O SUL GLOBAL VAI A BERLIM
OS PROBLEMAS DO CHAMADO SUL GLOBAL ESTARÃO NO CENTRO DA 11a BIENAL DE BERLIM, a ser aberta no verão europeu de 2020. Seus curadores, escolhidos por um comitê de seleção internacional composto de sete membros, acabam de ser anunciados. São eles Lisette Lagnado, Agustín Pérez Rubio, María Berríos e Renata Cervetto.
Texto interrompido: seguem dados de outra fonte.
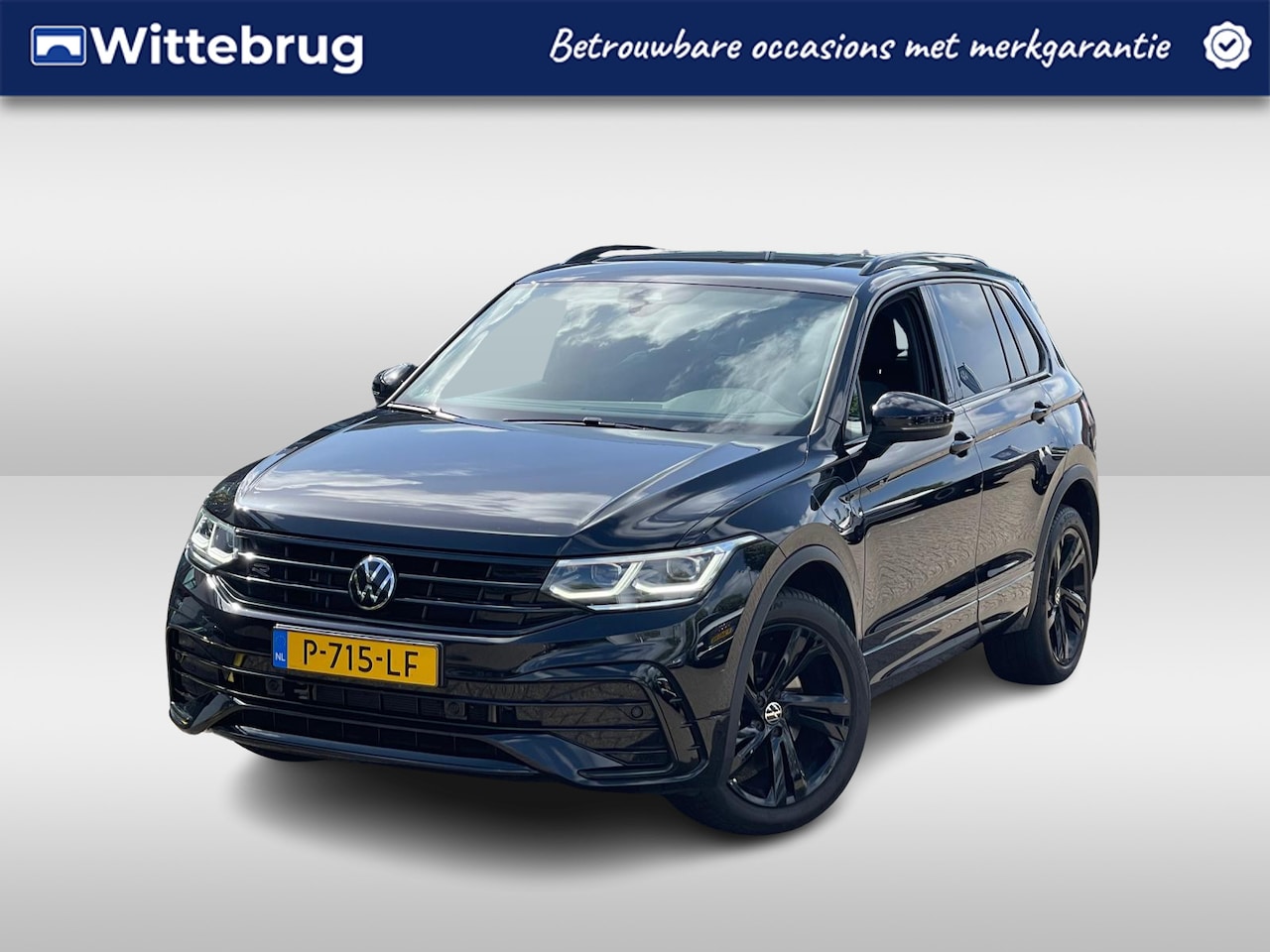Volkswagen Tiguan - 1.4 TSI eHybrid 245PK DSGR-Line Business+ / Black Style / Panoramadak / 19'' LMV / VW - AutoWereld.nl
Brasileira nascida no Congo, Lagnado tem a 27a Bienal de São Paulo no seu extenso currículo, além de uma exposição no Museu Reina Sofía de Madri, curada em parceria com a chilena Berríos, que também é socióloga. Pérez Rubio, espanhol de Valência, vem de quatro anos como diretor artístico do Malba, em Buenos Aires, e teve ali a argentina Cervetto como coordenadora do departamento educacional. No anúncio oficial, a instituição fez questão de identificar a equipe curatorial como feminina, latino-americana e intergeracional. Junto ao anúncio distribuiu fotos dos quatro curadores quando crianças; o menino Rubio aparece com uma peruca da mãe. Na entrevista a seguir, a brasileira da turma conta como o grupo se formou, resume o projeto apresentado e como as violências à cidadania que vivemos inspiram seu trabalho, além de traçar algumas comparações com a Bienal de São Paulo.
select: Como o time curatorial se formou? Quem tomou a iniciativa de reunir o grupo?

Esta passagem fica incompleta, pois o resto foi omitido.